There are many days when I am at my worst. Before I had children, I could hide out on those bad days. Take a long hot shower, sip a cup of tea, read a book in the corner, hide from my woes in the aisles of the grocery store... But these days, I can't always hide. And sometimes my irrational, irritable side seems to take over. I snap, I roll my eyes, I avoid. And that's not very fair to the two (nearly three) people who just want a little affection and attention.
There are other days, good days, where I feel like a supermom. I cook the dinner! And put away the laundry! And tidy! And I even play and read and snuggle and enjoy and encourage. I spend these days hoping that my good mom days add up in some sort of brownie point karma system that I can cash in on those bad days. That the good mom days outnumber my children's memories of the bad mom days.
That my children remember the days we covered ourselves in stickers.
The birthday parties where I went completely overboard, because a fancy (boxed mix) cake is one way I know I can show my love.

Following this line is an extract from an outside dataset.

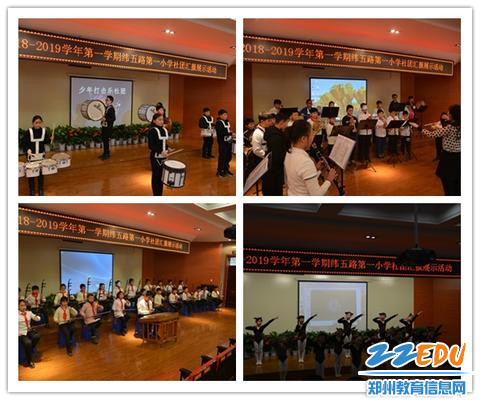 精彩的社团汇报展示(二) 精彩的社团汇报展示(二)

That I worked very hard to recreate Elsa's fancy, diagonal french braid.
That I rolled my eyes with a HUGE smile on my face as I said, fine, the wagon can be an inside toy (till Spring).
That instead of heating frozen nuggets at home, we stopped at that beautiful restaurants with slides and milkshakes (Chick Fil-A) in the middle of the Polar Vortex for nuggets and slides and milkshakes.